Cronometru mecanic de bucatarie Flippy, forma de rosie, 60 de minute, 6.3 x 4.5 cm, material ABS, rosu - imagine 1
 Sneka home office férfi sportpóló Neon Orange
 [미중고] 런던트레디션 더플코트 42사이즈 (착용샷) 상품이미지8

________________

[EXERCISE BRIEF]: Write the complete data out, exactly as above.

[ANSWER SPACE]:
Cronometru mecanic de bucatarie Flippy, forma de rosie, 60 de minute, 6.3 x 4.5 cm, material ABS, rosu - imagine 1
 Sneka home office férfi sportpóló Neon Orange
 [미중고] 런던트레디션 더플코트 42사이즈 (착용샷) 상품이미지8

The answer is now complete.